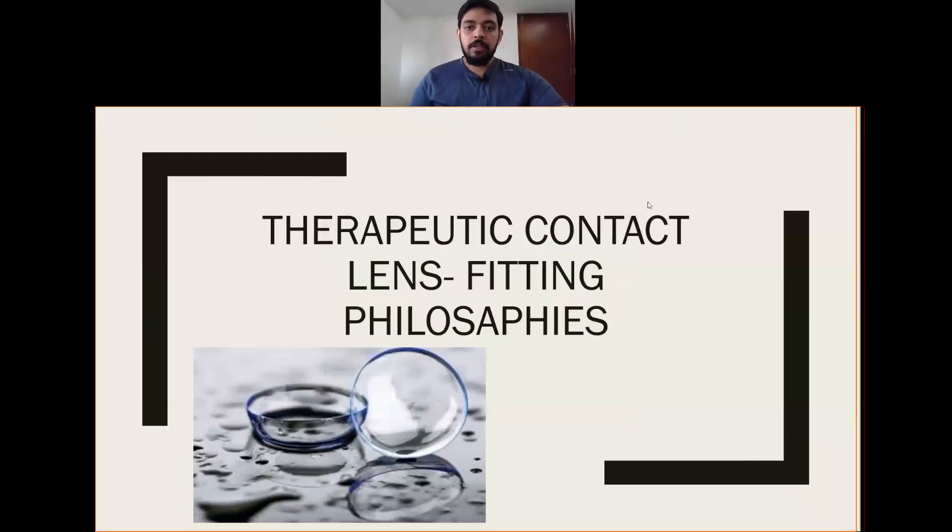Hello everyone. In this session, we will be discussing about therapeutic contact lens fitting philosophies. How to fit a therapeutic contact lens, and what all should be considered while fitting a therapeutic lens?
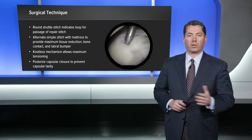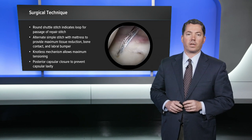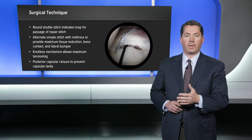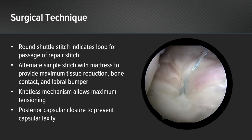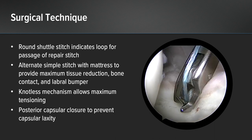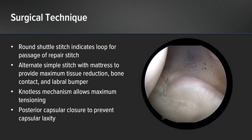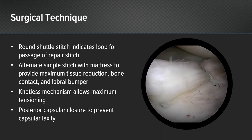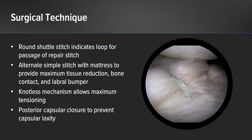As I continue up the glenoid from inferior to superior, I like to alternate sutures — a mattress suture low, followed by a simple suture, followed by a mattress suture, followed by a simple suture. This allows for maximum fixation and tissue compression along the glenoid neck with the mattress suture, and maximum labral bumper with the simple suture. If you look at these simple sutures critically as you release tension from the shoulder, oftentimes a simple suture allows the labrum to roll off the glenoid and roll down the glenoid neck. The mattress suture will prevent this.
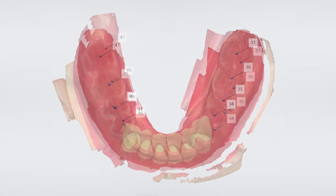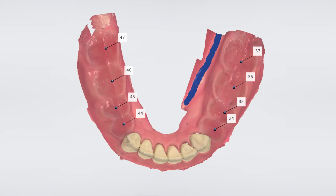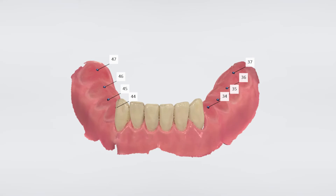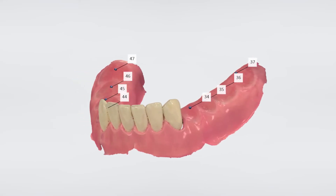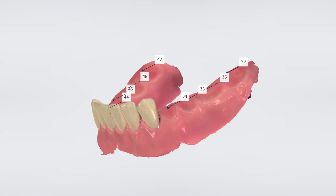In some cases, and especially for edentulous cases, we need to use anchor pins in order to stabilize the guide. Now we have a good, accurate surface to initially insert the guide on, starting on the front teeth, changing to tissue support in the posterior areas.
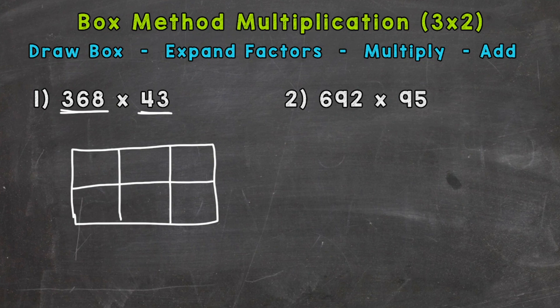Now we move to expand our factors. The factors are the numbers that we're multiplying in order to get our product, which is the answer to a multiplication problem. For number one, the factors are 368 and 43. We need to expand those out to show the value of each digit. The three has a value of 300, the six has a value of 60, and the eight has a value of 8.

...

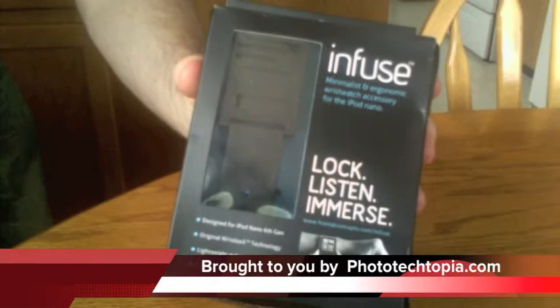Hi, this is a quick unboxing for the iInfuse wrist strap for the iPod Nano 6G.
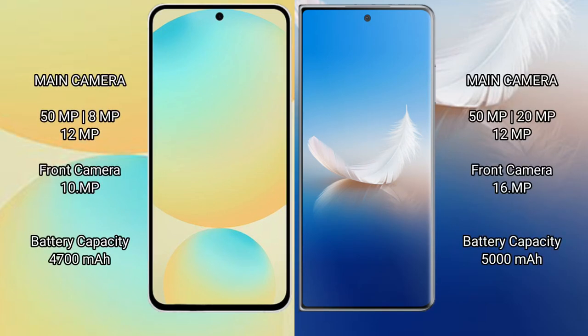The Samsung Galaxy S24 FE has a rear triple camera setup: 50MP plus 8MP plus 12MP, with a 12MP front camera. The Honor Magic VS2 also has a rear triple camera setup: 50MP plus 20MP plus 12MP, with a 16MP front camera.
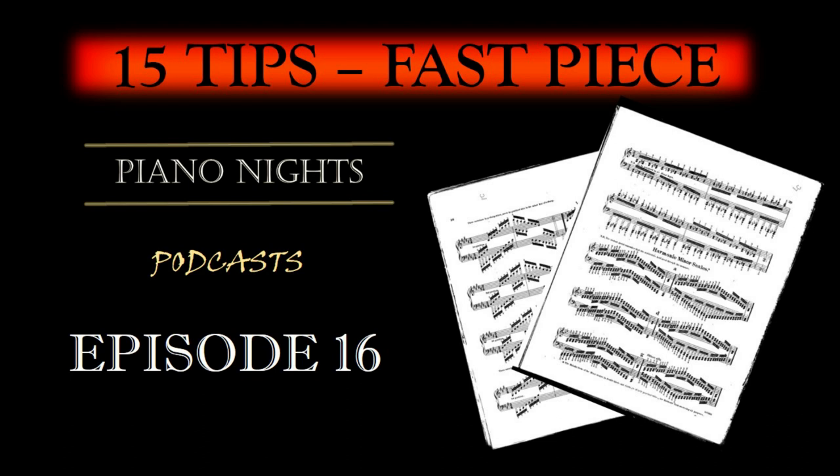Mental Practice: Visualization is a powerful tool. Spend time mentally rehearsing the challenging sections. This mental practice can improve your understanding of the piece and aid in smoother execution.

Work to complete: Using the entries above, transcribe every line from the line containing "Hello everyone. In" through the line containing "Now we move". Do not copy pictures.

Answer for this exercise:
Hello everyone. In this session, we will be discussing about therapeutic contact lens fitting philosophies. How to fit a therapeutic contact lens, and what all should be considered while fitting a therapeutic lens?
As I continue up the glenoid from inferior to superior, I like to alternate sutures — a mattress suture low, followed by a simple suture, followed by a mattress suture, followed by a simple suture. This allows for maximum fixation and tissue compression along the glenoid neck with the mattress suture, and maximum labral bumper with the simple suture. If you look at these simple sutures critically as you release tension from the shoulder, oftentimes a simple suture allows the labrum to roll off the glenoid and roll down the glenoid neck. The mattress suture will prevent this.
In some cases, and especially for edentulous cases, we need to use anchor pins in order to stabilize the guide. Now we have a good, accurate surface to initially insert the guide on, starting on the front teeth, changing to tissue support in the posterior areas.
Now we move to expand our factors. The factors are the numbers that we're multiplying in order to get our product, which is the answer to a multiplication problem. For number one, the factors are 368 and 43. We need to expand those out to show the value of each digit. The three has a value of 300, the six has a value of 60, and the eight has a value of 8.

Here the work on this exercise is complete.